#### Task to complete
Reproduce the data in its entirety, exactly as written.

#### Data section
▶

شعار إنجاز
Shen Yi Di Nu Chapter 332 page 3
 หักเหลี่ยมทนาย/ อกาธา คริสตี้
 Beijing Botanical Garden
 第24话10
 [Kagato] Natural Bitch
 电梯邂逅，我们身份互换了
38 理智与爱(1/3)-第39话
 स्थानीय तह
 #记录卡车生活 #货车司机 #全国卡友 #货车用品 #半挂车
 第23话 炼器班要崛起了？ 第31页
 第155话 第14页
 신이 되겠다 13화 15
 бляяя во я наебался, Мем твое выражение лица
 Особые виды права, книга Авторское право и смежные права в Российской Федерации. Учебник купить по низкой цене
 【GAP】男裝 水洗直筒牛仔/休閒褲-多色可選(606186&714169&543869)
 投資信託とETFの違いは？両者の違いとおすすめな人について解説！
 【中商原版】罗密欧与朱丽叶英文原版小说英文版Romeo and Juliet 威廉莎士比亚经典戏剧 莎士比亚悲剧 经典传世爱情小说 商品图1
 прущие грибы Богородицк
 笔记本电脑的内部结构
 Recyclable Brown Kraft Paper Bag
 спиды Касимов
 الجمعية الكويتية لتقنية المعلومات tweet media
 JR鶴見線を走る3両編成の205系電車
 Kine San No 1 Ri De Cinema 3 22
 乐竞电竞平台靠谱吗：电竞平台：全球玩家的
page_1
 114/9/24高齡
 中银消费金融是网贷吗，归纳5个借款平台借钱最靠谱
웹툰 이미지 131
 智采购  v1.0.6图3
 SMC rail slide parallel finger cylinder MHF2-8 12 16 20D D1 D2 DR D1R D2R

◀

#### Solution to the exercise
شعار إنجاز
Shen Yi Di Nu Chapter 332 page 3
 หักเหลี่ยมทนาย/ อกาธา คริสตี้
 Beijing Botanical Garden
 第24话10
 [Kagato] Natural Bitch
 电梯邂逅，我们身份互换了
38 理智与爱(1/3)-第39话
 स्थानीय तह
 #记录卡车生活 #货车司机 #全国卡友 #货车用品 #半挂车
 第23话 炼器班要崛起了？ 第31页
 第155话 第14页
 신이 되겠다 13화 15
 бляяя во я наебался, Мем твое выражение лица
 Особые виды права, книга Авторское право и смежные права в Российской Федерации. Учебник купить по низкой цене
 【GAP】男裝 水洗直筒牛仔/休閒褲-多色可選(606186&714169&543869)
 投資信託とETFの違いは？両者の違いとおすすめな人について解説！
 【中商原版】罗密欧与朱丽叶英文原版小说英文版Romeo and Juliet 威廉莎士比亚经典戏剧 莎士比亚悲剧 经典传世爱情小说 商品图1
 прущие грибы Богородицк
 笔记本电脑的内部结构
 Recyclable Brown Kraft Paper Bag
 спиды Касимов
 الجمعية الكويتية لتقنية المعلومات tweet media
 JR鶴見線を走る3両編成の205系電車
 Kine San No 1 Ri De Cinema 3 22
 乐竞电竞平台靠谱吗：电竞平台：全球玩家的
page_1
 114/9/24高齡
 中银消费金融是网贷吗，归纳5个借款平台借钱最靠谱
웹툰 이미지 131
 智采购  v1.0.6图3
 SMC rail slide parallel finger cylinder MHF2-8 12 16 20D D1 D2 DR D1R D2R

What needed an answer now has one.